I agree that shift out is workable.

#### John P

Joined Oct 14, 2008
1,910
With my compiler,

portb += portb;

would be a single instruction, whereas

portb = portb >> 1;

(shifting either way) would be two instructions. That's because on a PIC processor, a shift is a shift "through the carry bit", which comes in as a new top or bottom bit. The compiler always inserts an instruction to clear the carry bit before doing the shift, and I don't think you can tell it not to. So for this purpose, the addition is better.

Of course you could always put in a single line of assembly code, but the objective here is to do it all in C.

#### MMcLaren

Joined Feb 14, 2010
853
You could also use a logical shift ' portb = portb >> 1 ' effecting a *2 or portb += portb. I don't know offhand if it would take the same number of machine cycles for mikroe C

portb += portb should translate to an ADDWF; 1 word and 1 machine cycle.
portb = portb >> 1 should translate to an RRF; 1 word and 1 machine cycle.

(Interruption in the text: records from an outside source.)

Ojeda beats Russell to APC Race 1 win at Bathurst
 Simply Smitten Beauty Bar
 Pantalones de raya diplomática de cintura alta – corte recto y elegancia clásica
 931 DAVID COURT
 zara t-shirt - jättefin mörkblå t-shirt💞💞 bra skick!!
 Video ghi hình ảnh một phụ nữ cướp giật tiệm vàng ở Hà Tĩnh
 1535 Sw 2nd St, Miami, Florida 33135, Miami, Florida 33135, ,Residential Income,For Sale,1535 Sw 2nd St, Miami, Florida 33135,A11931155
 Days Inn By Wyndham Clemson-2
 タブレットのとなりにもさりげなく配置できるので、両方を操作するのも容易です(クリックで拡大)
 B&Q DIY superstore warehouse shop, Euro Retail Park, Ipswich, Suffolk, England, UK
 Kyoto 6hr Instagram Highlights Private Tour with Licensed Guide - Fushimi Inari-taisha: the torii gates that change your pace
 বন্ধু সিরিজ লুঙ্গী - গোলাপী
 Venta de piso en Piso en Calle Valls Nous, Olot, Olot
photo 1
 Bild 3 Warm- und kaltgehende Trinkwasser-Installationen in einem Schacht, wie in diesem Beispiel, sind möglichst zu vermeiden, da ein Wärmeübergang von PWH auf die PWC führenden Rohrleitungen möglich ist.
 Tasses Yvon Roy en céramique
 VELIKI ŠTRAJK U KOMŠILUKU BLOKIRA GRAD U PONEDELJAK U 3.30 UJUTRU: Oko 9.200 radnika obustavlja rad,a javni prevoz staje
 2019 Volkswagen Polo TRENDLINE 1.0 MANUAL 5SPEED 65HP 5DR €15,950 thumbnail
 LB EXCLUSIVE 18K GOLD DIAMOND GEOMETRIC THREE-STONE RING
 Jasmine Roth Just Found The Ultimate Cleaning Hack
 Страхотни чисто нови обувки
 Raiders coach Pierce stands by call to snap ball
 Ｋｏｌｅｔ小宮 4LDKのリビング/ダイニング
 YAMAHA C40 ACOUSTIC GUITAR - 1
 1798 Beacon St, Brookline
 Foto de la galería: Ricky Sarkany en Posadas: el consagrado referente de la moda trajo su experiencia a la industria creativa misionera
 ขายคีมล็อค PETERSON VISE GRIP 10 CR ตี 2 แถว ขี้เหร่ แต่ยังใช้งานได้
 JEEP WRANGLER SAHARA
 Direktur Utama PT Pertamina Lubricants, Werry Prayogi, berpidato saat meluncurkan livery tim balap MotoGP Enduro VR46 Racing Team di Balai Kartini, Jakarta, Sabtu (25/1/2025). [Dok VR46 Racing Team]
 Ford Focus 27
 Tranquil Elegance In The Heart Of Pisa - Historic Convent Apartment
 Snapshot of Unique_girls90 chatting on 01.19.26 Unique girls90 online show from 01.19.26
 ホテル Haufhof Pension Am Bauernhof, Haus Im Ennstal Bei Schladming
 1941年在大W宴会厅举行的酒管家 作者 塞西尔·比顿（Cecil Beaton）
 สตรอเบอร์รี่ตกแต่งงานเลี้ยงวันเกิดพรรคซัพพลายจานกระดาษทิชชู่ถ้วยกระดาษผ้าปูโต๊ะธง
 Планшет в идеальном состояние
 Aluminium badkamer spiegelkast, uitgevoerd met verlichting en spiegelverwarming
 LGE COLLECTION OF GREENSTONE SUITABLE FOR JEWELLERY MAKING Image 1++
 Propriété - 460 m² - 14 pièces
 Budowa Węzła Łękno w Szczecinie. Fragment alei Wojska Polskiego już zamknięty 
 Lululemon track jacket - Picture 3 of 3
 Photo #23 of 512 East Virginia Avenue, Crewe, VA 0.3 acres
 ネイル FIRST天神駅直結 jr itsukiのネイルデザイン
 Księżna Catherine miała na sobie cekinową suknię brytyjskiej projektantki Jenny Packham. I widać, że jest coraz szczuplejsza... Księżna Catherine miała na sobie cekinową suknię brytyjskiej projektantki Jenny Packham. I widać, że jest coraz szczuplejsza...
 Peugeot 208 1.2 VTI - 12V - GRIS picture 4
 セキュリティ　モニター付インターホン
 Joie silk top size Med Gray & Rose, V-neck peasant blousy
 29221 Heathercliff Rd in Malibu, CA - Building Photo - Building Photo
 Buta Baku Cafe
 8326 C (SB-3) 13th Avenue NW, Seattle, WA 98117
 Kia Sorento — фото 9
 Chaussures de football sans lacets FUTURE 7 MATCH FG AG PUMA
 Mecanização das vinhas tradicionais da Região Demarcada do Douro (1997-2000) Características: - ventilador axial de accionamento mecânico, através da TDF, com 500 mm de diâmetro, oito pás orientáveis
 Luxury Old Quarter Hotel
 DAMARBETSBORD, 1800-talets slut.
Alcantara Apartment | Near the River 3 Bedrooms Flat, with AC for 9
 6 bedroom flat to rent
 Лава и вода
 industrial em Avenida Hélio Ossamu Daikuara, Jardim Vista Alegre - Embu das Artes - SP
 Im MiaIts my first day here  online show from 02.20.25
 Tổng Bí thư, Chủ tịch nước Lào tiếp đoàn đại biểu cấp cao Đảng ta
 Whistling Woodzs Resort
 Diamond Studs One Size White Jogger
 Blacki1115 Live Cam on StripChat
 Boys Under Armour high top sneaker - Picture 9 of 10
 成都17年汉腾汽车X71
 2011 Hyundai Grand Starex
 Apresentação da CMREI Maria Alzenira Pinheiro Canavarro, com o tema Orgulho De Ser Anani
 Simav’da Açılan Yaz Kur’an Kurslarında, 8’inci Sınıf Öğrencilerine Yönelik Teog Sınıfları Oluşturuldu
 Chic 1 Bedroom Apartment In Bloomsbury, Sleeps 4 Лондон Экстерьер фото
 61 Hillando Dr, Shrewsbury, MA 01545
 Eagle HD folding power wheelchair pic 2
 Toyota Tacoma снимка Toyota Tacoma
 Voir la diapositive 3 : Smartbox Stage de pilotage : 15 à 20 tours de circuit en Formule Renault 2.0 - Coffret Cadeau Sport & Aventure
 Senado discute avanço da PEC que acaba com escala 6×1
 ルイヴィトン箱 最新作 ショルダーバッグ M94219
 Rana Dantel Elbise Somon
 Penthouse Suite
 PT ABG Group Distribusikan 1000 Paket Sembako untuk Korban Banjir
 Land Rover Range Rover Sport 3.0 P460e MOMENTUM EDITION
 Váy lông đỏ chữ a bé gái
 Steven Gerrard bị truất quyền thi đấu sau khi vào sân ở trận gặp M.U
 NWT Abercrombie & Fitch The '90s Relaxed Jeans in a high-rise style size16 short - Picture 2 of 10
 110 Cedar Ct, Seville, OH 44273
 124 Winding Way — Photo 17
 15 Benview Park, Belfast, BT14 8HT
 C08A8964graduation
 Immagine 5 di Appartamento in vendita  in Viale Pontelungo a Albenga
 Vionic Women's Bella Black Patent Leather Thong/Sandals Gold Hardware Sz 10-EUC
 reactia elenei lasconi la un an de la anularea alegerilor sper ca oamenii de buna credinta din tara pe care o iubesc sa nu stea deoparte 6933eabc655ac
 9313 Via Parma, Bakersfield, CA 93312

Might be worthwhile to see if there is a difference.
Hi Sarge,

The portb = portb >> 1 instruction should actually be portb = portb << 1 or portb <<= 1 to multiply by 2. All the compilers I've seen will generate a clrc or bcf STATUS,C (clear carry) instruction followed by an rlf (rotate left file) instruction (2 cycles).

#### T.Jackson

Joined Nov 22, 2011
328
Generally.
VGA is easier to interface in the way it has separate hsync and vsync pins. And of course colour is a breeze, with three pins for RGB.
Yeah I bet. You're joking right?

Here we are dealing with a 64uS scan line, and you're suggesting a 25uS one with good res and color?

#### MrChips

Joined Oct 2, 2009
24,409
RB, shucks, you've let the cat out of the bag!
Ok, I'm taking orders. Just send me your specifications, i.e. how do you want to interface with this chip. I think I can do anything with this baby. Maybe we have to write our own graphics protocol.